2. The diabetes education and training platform combining virtual scenes and AI video QR codes as described in claim 1, characterized in that, The AI ​​video generation module also includes: Knowledge graph units are used to store structured knowledge in the field of diabetes. The Natural Language Processing Unit is used to generate corresponding video scripts based on user profiles and knowledge graphs using large language models; The video generation unit is used to automatically generate personalized diabetes education videos based on the video script, combined with speech synthesis, image or animation generation technologies.

3. The diabetes education and training platform combining virtual scenes and AI video QR codes as described in claim 1, characterized in that, The virtual environment includes a virtual supermarket, a virtual kitchen, a virtual restaurant, and a virtual sports field.

4. The diabetes education and training platform combining virtual scenes and AI video QR codes as described in claim 1, characterized in that, The dynamic QR code contains a unique user identifier.

5. The diabetes education and training platform combining virtual scenes and AI video QR codes as described in claim 1, characterized in that, The multi-source user data includes users' static profile data, dynamic physiological data, and cognitive behavioral data.

6. The diabetes education and training platform combining virtual scenes and AI video QR codes as described in claim 1, characterized in that, The dynamic physiological data includes at least blood glucose monitoring data, dietary record data, and exercise data; The blood glucose monitoring data is connected to the user's blood glucose meter or smart device via API interface or Bluetooth technology.

7. The diabetes education and training platform combining virtual scenes and AI video QR codes as described in claim 1, characterized in that, The cognitive behavior data is obtained through the cognitive assessment scale embedded in the platform or through user interaction behavior data in virtual scenarios.

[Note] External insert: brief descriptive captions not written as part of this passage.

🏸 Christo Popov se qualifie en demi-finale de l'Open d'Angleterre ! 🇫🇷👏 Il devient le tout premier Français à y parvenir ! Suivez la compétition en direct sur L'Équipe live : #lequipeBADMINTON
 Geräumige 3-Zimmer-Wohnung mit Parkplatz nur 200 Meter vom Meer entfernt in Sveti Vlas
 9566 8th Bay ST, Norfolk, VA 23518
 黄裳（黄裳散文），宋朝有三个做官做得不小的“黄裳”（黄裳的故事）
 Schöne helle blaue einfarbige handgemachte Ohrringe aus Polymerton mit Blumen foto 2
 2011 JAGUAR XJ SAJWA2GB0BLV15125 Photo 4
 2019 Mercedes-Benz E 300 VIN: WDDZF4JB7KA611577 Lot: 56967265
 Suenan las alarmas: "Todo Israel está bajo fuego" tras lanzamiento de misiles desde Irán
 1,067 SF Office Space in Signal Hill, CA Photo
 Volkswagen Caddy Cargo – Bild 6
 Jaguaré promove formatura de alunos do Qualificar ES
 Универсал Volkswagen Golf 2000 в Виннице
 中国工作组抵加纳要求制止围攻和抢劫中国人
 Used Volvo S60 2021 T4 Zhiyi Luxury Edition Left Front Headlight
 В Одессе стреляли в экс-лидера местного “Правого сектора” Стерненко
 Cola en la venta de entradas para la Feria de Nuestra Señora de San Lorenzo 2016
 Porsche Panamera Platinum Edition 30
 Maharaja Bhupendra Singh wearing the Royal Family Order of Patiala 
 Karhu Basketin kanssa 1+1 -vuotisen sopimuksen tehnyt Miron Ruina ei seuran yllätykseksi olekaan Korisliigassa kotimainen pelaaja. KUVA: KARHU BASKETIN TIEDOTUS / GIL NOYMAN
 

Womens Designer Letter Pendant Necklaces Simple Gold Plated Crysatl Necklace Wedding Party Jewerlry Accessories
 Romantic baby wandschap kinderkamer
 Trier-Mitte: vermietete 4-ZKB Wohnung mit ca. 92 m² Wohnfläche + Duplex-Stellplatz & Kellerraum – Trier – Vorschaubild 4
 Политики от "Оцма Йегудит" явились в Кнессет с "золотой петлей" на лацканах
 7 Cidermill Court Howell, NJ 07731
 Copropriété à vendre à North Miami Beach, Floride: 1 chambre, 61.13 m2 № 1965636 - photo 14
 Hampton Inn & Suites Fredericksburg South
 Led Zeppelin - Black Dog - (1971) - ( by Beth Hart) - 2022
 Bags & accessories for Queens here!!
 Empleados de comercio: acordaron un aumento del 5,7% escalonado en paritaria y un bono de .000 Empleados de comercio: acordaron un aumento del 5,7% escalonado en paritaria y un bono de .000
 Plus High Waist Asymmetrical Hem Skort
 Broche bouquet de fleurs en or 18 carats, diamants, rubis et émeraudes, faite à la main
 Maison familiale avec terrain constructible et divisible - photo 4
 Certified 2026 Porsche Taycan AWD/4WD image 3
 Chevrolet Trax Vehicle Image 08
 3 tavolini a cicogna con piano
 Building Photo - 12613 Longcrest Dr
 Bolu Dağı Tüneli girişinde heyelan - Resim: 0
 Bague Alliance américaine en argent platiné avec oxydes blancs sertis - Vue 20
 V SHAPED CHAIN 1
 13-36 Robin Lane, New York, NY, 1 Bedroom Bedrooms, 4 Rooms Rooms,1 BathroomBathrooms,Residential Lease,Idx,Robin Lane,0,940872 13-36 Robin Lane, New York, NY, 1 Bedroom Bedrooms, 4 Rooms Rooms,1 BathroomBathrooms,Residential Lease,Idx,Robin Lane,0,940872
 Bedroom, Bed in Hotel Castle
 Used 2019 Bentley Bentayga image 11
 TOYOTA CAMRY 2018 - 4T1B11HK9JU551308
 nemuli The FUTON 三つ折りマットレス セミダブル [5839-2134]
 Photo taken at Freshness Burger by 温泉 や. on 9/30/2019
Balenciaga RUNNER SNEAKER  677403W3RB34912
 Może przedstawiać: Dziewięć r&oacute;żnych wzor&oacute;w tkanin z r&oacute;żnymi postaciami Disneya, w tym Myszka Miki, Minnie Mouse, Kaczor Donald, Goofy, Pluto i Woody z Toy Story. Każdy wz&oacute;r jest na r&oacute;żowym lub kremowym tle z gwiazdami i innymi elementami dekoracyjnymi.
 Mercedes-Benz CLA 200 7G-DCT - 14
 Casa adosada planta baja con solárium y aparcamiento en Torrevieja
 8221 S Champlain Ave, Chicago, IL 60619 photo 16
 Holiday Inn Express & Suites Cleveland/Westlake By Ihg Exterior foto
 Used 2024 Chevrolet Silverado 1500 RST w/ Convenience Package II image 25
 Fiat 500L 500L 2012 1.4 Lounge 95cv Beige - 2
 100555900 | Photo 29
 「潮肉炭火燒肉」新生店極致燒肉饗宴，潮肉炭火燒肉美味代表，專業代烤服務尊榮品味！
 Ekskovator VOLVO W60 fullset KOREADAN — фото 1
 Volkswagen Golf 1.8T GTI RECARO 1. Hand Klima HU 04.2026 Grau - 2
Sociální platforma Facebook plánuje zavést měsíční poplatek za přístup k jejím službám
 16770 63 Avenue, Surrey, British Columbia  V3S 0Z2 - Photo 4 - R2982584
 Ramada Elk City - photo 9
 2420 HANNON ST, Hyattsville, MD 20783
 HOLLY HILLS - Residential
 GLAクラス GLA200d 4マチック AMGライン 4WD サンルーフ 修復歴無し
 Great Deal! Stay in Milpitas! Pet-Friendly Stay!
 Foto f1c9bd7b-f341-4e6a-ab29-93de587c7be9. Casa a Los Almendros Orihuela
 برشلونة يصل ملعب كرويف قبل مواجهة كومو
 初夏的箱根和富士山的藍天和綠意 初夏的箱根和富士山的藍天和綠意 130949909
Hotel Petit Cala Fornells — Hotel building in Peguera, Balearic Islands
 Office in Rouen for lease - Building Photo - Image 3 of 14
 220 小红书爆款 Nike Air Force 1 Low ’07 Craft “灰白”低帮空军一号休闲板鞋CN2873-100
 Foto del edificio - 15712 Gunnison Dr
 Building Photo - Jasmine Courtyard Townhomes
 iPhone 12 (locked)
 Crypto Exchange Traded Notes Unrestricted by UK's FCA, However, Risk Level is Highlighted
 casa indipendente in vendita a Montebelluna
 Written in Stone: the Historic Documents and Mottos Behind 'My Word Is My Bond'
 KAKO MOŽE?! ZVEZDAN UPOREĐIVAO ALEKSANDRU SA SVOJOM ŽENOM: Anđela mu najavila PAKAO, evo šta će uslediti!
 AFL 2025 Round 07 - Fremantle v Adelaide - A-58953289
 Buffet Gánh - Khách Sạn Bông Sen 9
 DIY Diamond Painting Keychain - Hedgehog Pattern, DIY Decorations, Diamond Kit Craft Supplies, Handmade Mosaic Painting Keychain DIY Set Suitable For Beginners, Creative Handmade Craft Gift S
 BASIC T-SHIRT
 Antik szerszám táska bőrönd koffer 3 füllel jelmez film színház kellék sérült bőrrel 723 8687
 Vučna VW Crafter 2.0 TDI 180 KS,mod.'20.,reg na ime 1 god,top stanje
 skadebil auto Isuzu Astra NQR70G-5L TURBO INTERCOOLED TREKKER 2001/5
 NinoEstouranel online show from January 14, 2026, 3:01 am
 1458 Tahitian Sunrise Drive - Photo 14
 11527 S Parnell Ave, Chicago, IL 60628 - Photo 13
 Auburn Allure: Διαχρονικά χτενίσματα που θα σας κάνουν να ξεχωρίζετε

8. The diabetes education and training platform combining virtual scenes and AI video QR codes as described in claim 1, characterized in that, The user data collection module also includes External expansion modules are used to support the input or synchronization of other key physiological data via API interfaces or Bluetooth technology.

9. The diabetes education and training platform combining virtual scenes and AI video QR codes as described in claim 1, characterized in that, The interactive behavior data in the virtual scenario interactive learning module includes, but is not limited to, selection decisions, the error rate of completing tasks, operation sequences, task completion time, and focus points.

10. The diabetes education and training platform combining virtual scenes and AI video QR codes according to claim 1, characterized in that, The learning behavior data in the real world for scanning QR codes to watch educational videos includes, but is not limited to, video completion rate and viewing frequency.